- **Data below**
──────
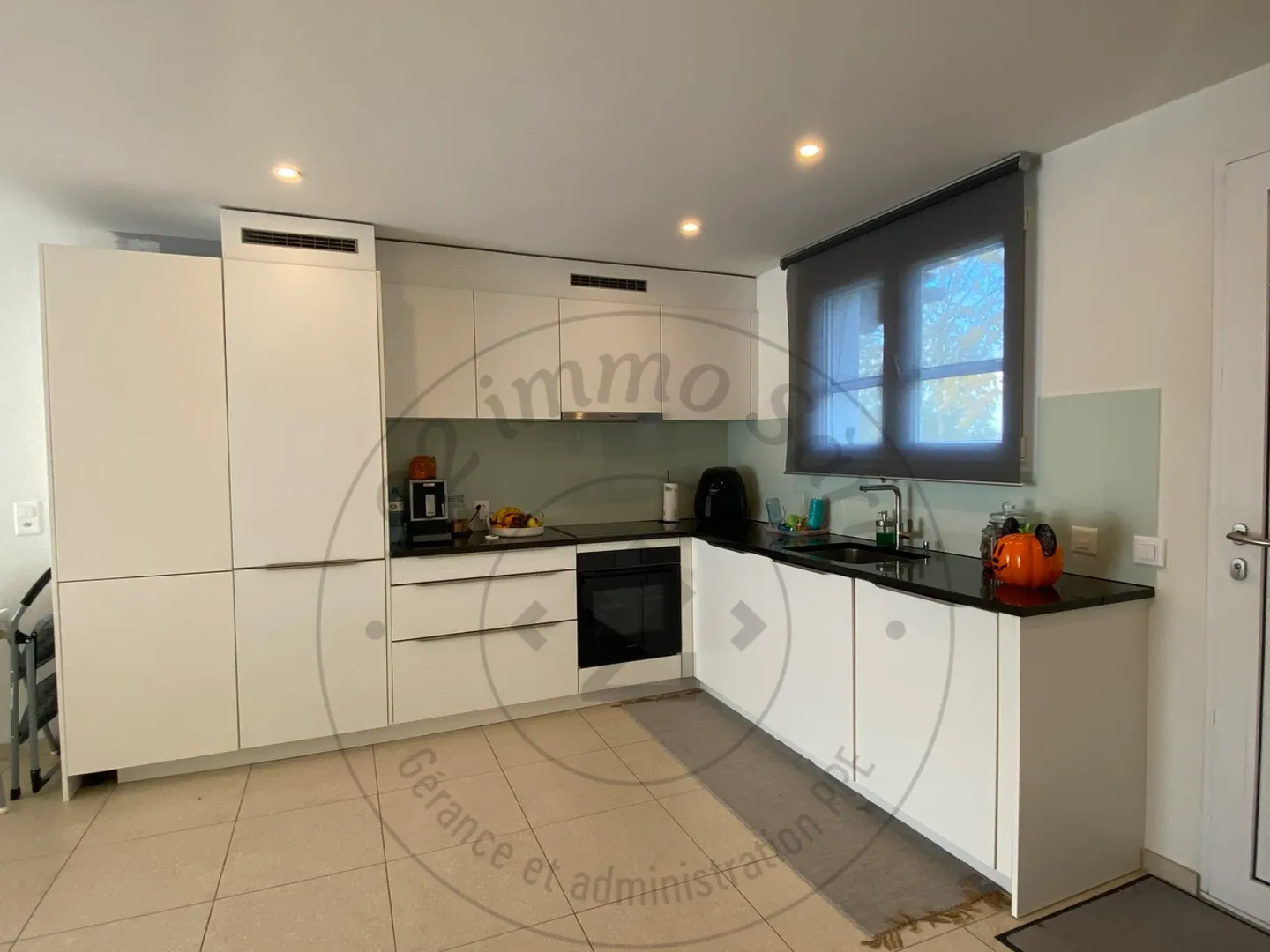 villa bifamiliare di 4.5 locali con giardino privato a Prez-vers-Noreaz - Foto 5 di 10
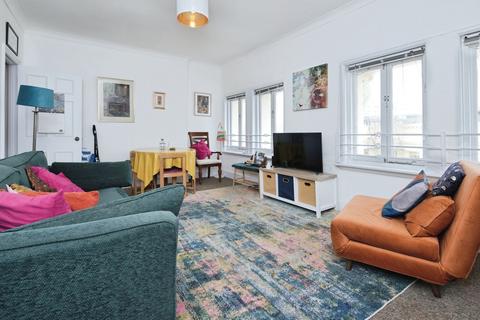 1 bedroom flat for sale, Adelaide Crescent, Hove, East Sussex, BN3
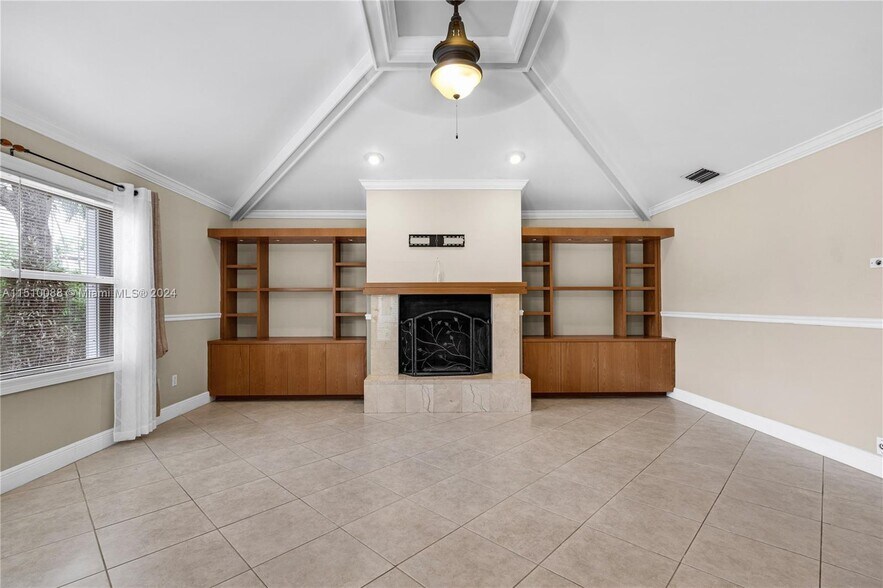 Building Photo - 5253 NW 94th Doral Pl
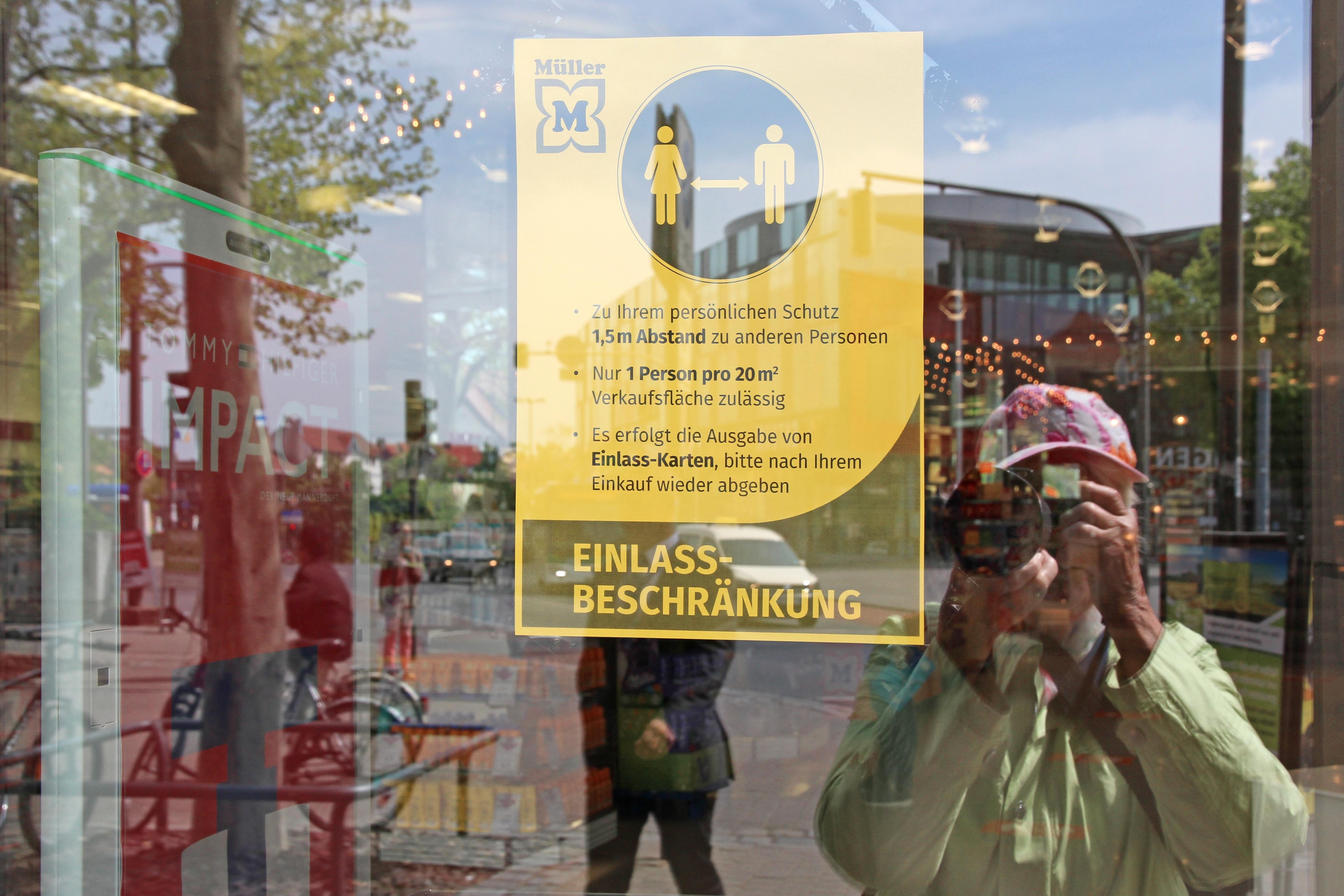 Auch ausgedehnte Spaziergänge tun der Gesundheit gut. Karin Günther aus Erlangen hat dabei ihre Kamera immer dabei. Zu diesem Bild schreibt sie: "Es ist zwar nicht unbedingt sportlich, aber soll Mut machen, sich einmal mit der Kamera mit Corona zu beschäftigen. Allerdings gibt es sooo viel zu fotografieren, dass es doch schon wieder sportlich ist!"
──────
- **What this task involves**
Only the lines from the line with "1 bedroom flat" to the bottom of the material above should be reproduced, exactly and without pictures.

- **Result**
 1 bedroom flat for sale, Adelaide Crescent, Hove, East Sussex, BN3
 Building Photo - 5253 NW 94th Doral Pl
 Auch ausgedehnte Spaziergänge tun der Gesundheit gut. Karin Günther aus Erlangen hat dabei ihre Kamera immer dabei. Zu diesem Bild schreibt sie: "Es ist zwar nicht unbedingt sportlich, aber soll Mut machen, sich einmal mit der Kamera mit Corona zu beschäftigen. Allerdings gibt es sooo viel zu fotografieren, dass es doch schon wieder sportlich ist!"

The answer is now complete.